The image compression results were presented in Table 1. The results were averaged over the test images in ICDAR2013. The results showed that the proposed method was superior for all the metrics. The proposed method obtained the second-best results for the entire image. The proposed image compression method outperformed traditional image compression methods, such as JPEG. Furthermore, the proposed method is the best in terms of text quality and text detection metrics. Therefore, the results verified the effectiveness of the proposed image compression method.

Qmap outperformed ours in overall image quality because Qmap was optimized for overall images, whereas our method focuses on text readability. Image compression is to determine a bitstream for a set of pixel values, as shown in Figure 5. Qmap determines a bitstream using uniform weights for all pixels, i.e., the overall image. Thus, the overall quality is favorable. However, text quality greatly deteriorates since the number of text pixels is smaller than the other pixels. In contrast, our method modifies weights by assigning more bits to text, resulting in a bitstream maintaining text readability. As shown in Figure 7, although overall image quality is reduced slightly, text quality improved greatly.

Some of the compressed images are shown in Figure 7. JPEG and JPEG2000 were significantly degraded in both background and text quality. In addition, the naive method degrades only the background. By contrast, the proposed method achieves a higher image quality for text regions and a higher image quality for background regions compared to the other methods.

Subjective evaluation experiments were conducted using the proposed and naive methods. Fifteen participants chose better readability between two compressed images in terms of the entire image and the text region. Each participant had 50 pairs.

The results are presented in Table 2. The proposed method is superior for the entire image and text regions. The proposed method obtained more than 66% of the votes for the text region. These results demonstrate the capability of this method in maintaining text readability.

The effect of varying the hyperparameter $\lambda$ and the number of updates was also investigated. $\lambda$ is defined in Eq. (3) to determine the amount of quality map update. Table 3 shows the bit rates (bpp) and the average score of the text qualities assessed using STIQA. The bit rates and STIQA scores increased according to $\lambda$ and the number of updates. The best STIQA score was obtained when $\lambda=5$. By considering the computing time, it was determined that three update cycles were sufficient.

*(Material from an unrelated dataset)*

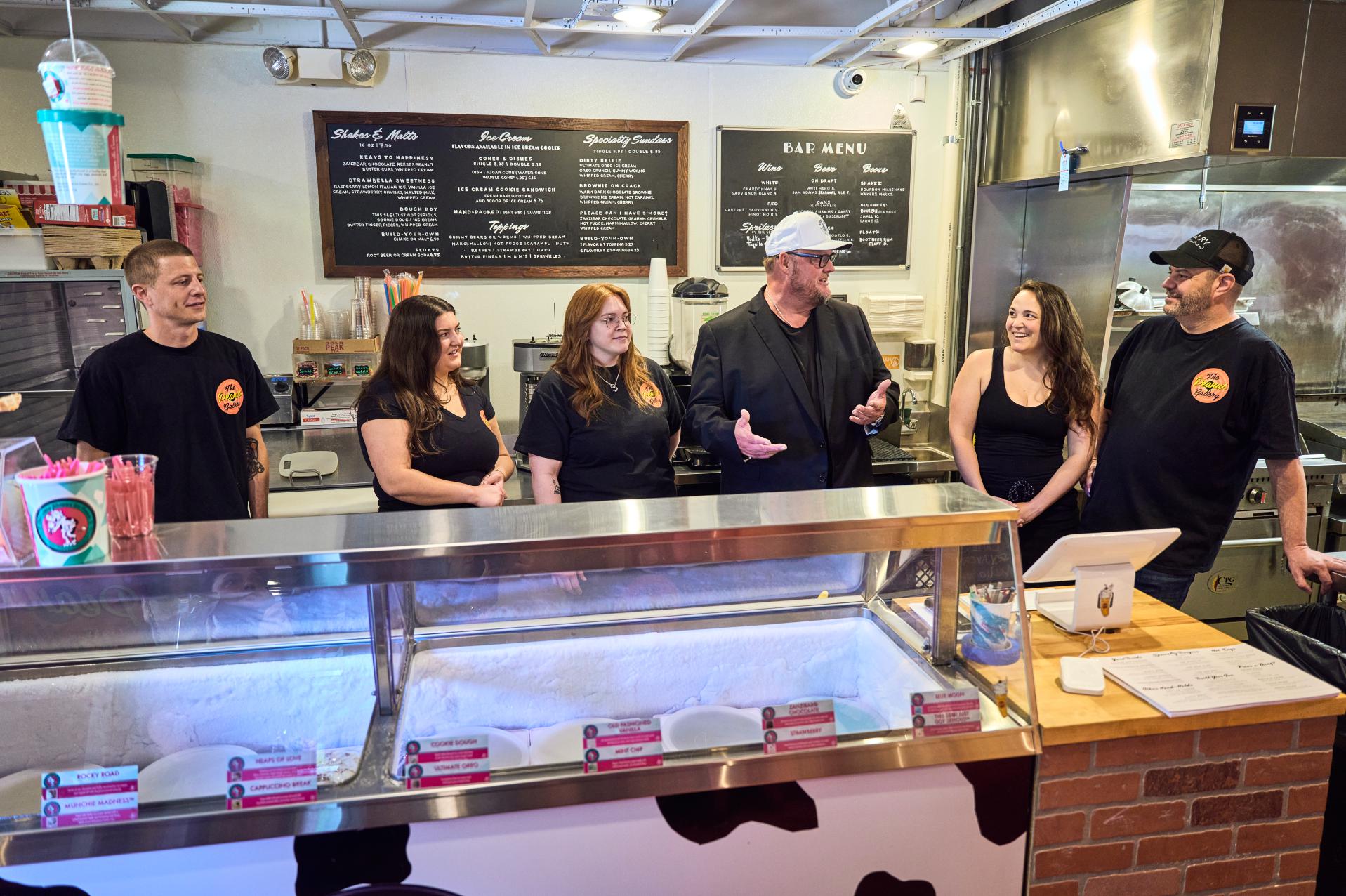 Chef Beau MacMillan (third from right) visits The Peanut Gallery to surprise Chef Dominic Zumpano (far right), Cecilia Lanyon (second from right) and restaurant staff with the Service Superstar Award from McCain Foods, which recognizes foodservice professionals who go above and beyond to serve their customers and community.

The results are presented in Table4. Three evaluation metrics were used: mean absolute error, Spearman’s rank correlation coefficient, and Pearson’s correlation coefficient. We used the indicators to show a relationship between humans and our model in text quality assessment. Specifically, MAE shows the gap between a model and humans. Pearson’s correlation coefficient uses scores of text quality to evaluate a linear relationship. Spearman’s rank correlation coefficient uses ranks among data to verify a monotonic relationship. Thus, we can comprehensively evaluate text quality assessment models using the three indicators.

The results showed that STIQA performed the best on the test dataset with text quality labels obtained from subjective evaluation experiments. The main difference between STIQA and other methods is the existence of a text recognition model, which may play a significant role in text quality assessment.

We evaluated the impact of the combinations of the loss functions: the L1 loss and the $\epsilon$-insensitive loss. The results are presented in Table 6. The $L_{\epsilon}$ loss was better than the $L_{1}$ loss. In addition, the best results were achieved by using the two loss functions simultaneously, and the combination with an $\epsilon$ of 0.10 was the best overall.